Given information START

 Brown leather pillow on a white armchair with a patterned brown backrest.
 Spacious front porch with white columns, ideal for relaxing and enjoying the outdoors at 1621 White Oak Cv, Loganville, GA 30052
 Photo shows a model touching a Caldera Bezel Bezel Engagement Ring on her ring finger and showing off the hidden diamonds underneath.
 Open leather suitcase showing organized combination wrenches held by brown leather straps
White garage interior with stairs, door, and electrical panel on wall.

Given information END
Given information START

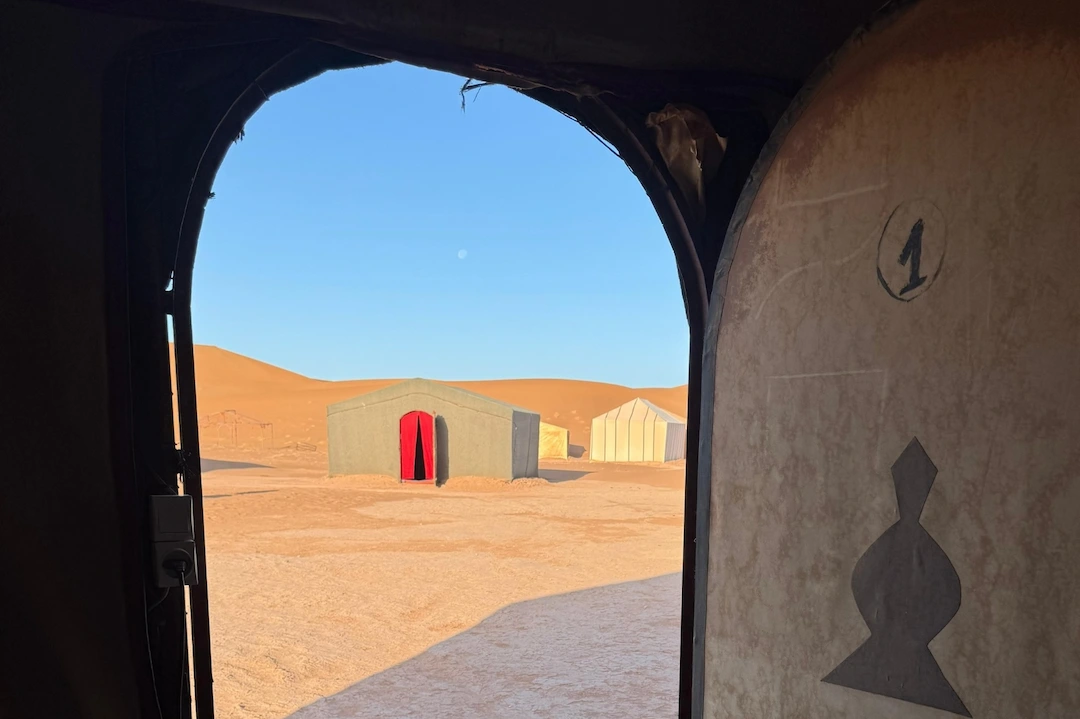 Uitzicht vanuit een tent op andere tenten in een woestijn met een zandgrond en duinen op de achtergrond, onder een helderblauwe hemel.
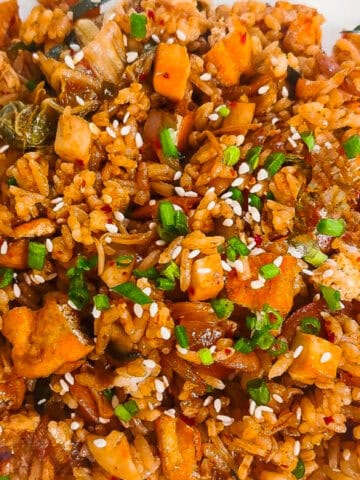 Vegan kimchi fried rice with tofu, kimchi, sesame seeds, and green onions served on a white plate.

Given information END

**Required work:** Could you count how many lines in the records contain the word "brown"? Only the number is needed.

**Task response:** 2